* Exercise prompt
Print exactly the lines of the listing below from the one containing "이동통신단말기를이용한 DLNA 네트워크접속" through the final line, both included, and no pictures.

************

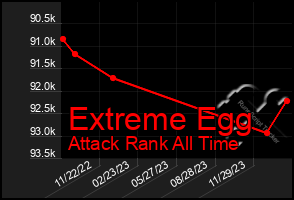 Total Graph of Extreme Egg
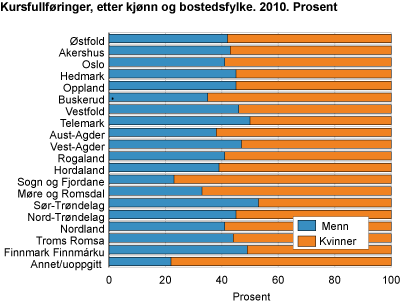 Kursfullføringer, etter kjønn og bostedsfylke. 2010. Prosent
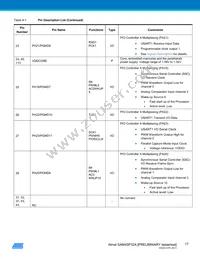 ATSAM4SP32A-ANU-Y Datasheet Page 17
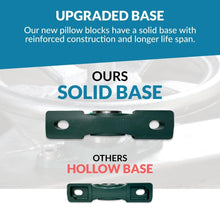 Load image into Gallery viewer, Self-Aligning Chrome Steel Pillow Block Bearings - 1 1/2 Inch Bore Pack of 4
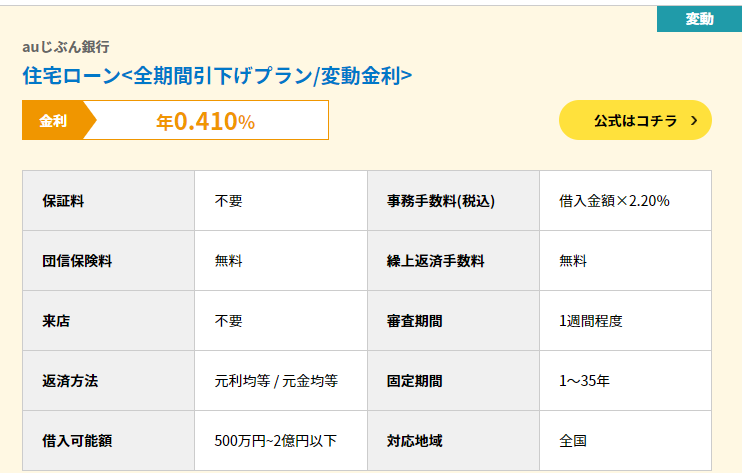 住宅本舗 手数料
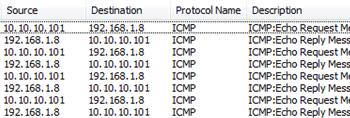 이동통신단말기를이용한 DLNA 네트워크접속 그림 6. 이동통신단말기에서지역망에연결된노드로 ICMP ping 시험을수행한결과 Fig. 6 IP packet capture result on the ICMP ping test from UE to local node 3.2.
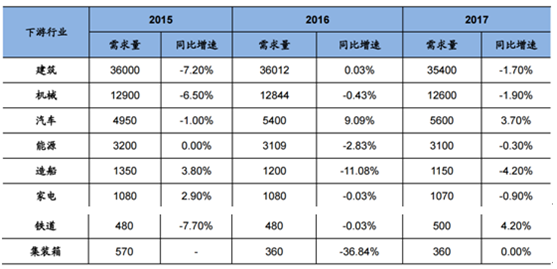 2017年中國鋼鐵行業(yè)價格走勢及市場供需預測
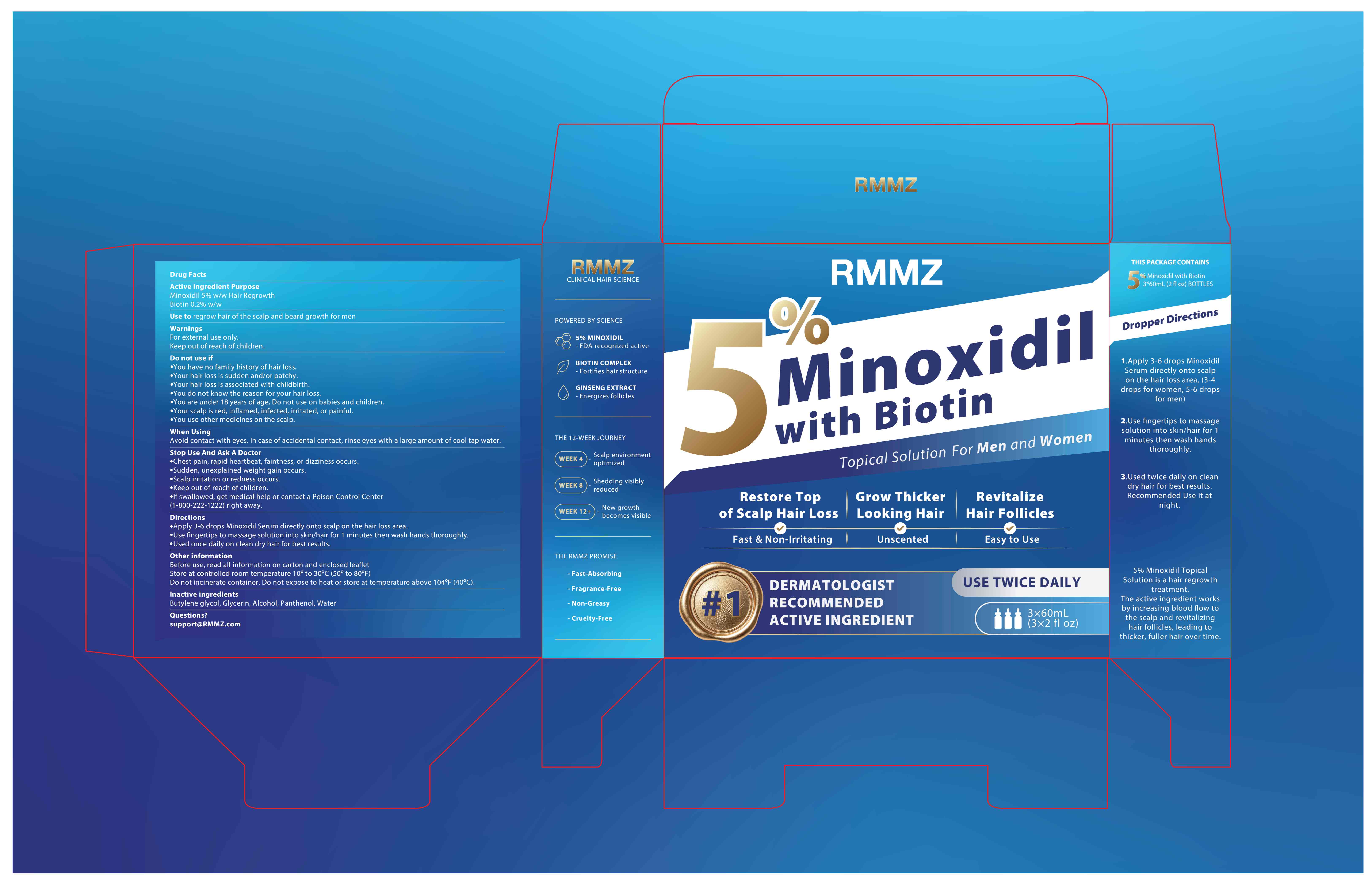 biotin reference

************

* Final answer
 이동통신단말기를이용한 DLNA 네트워크접속 그림 6. 이동통신단말기에서지역망에연결된노드로 ICMP ping 시험을수행한결과 Fig. 6 IP packet capture result on the ICMP ping test from UE to local node 3.2.
 2017年中國鋼鐵行業(yè)價格走勢及市場供需預測
 biotin reference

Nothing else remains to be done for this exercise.